老管家扒着門縫,明目張膽地往內窺伺,小心肝跟着一顫一顫:皇天不負有心人啊!整夜整夜守株待兔,可下嫖到手了!
門裏,龍慕拉着蔣初坐下,就着闌珊的燈光,左一眼右一眼,把蔣三公子周身上下盱了個遍,啧啧……這面容,這氣度,這似笑非笑的表情,這悠閑自在的坐姿,這裝模作樣的田黃石扇墜……一把握住蔣初的右手,“蔣兄……”
蔣初拍拍他的臉,“體仁兄……”
“叫‘體仁兄’多見外啊,你我知己,蔣兄如不嫌棄,就叫我體仁吧。來,小弟先幹為敬。”說完把酒壇拖過來,“刺啦”一聲揭開封蓋,往桌上一戳,旁邊倆吊蘭頓時蔫頭耷拉腦袋,龍慕暈頭轉向,捂着口鼻沖門外喊:“這是什麽酒?”

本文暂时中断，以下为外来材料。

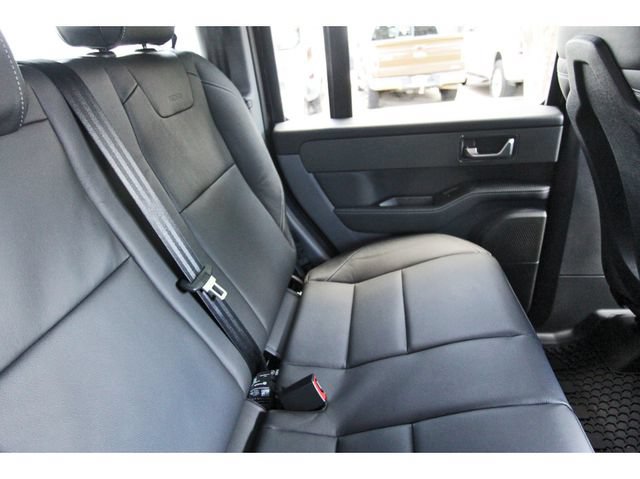Used 2025 INEOS Grenadier AWD/4WD image 10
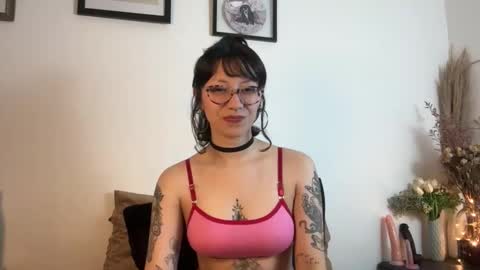 Snapshot of trinitysecrets chatting on October 29, 2025, 7:04 pm trinitysecrets online show from October 29, 2025, 7:04 pm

一個風韻猶存的鸨母扭着水蛇腰走進來,俯身萬福,滿臉堆笑,“公子爺,賤妾小門小戶沒見過大世面,偶爾見一回燒刀子就滿心滿眼感激涕零了。”
龍慕擺擺手,“就這樣吧,找幾個戲子來吹彈助興。”
鸨母磕了個頭,笑說:“公子爺眼光獨到,賤妾就是做戲的人家,您要聽昆腔、弋陽腔還是海鹽腔?”
“撿你們拿手的上。”
鸨母萬福,倒退着出去。
不一會兒,戲子來了,果然很拿手,倆瘦了吧唧的小相公,一個頭發稀疏,一個牙齒稀疏。一個吹拉一個彈唱,饒是缺着門牙愣是一點不耽誤人家唱得感天動地,冒一個字漏一陣風,撲哧撲哧拽海鹽腔:“冤家,閻王在上,勾了妾身不認賬!瞧那邊廂,此乃證物,床!”
龍慕面容一抖,呵呵讪笑,“還挺押韻。”
“确實押韻。”蔣初将杯子斟滿,伸出手,“體仁,請坐。”
龍慕坐下端起杯,“小弟先幹為敬。”剛進嘴,“吱”一聲破音裹着“咕”一陣勁風突然從天而降,龍慕一口酒嗆進氣管裏,這通咳啊!
蔣初拍着後背幫其順氣,“好些了嗎?”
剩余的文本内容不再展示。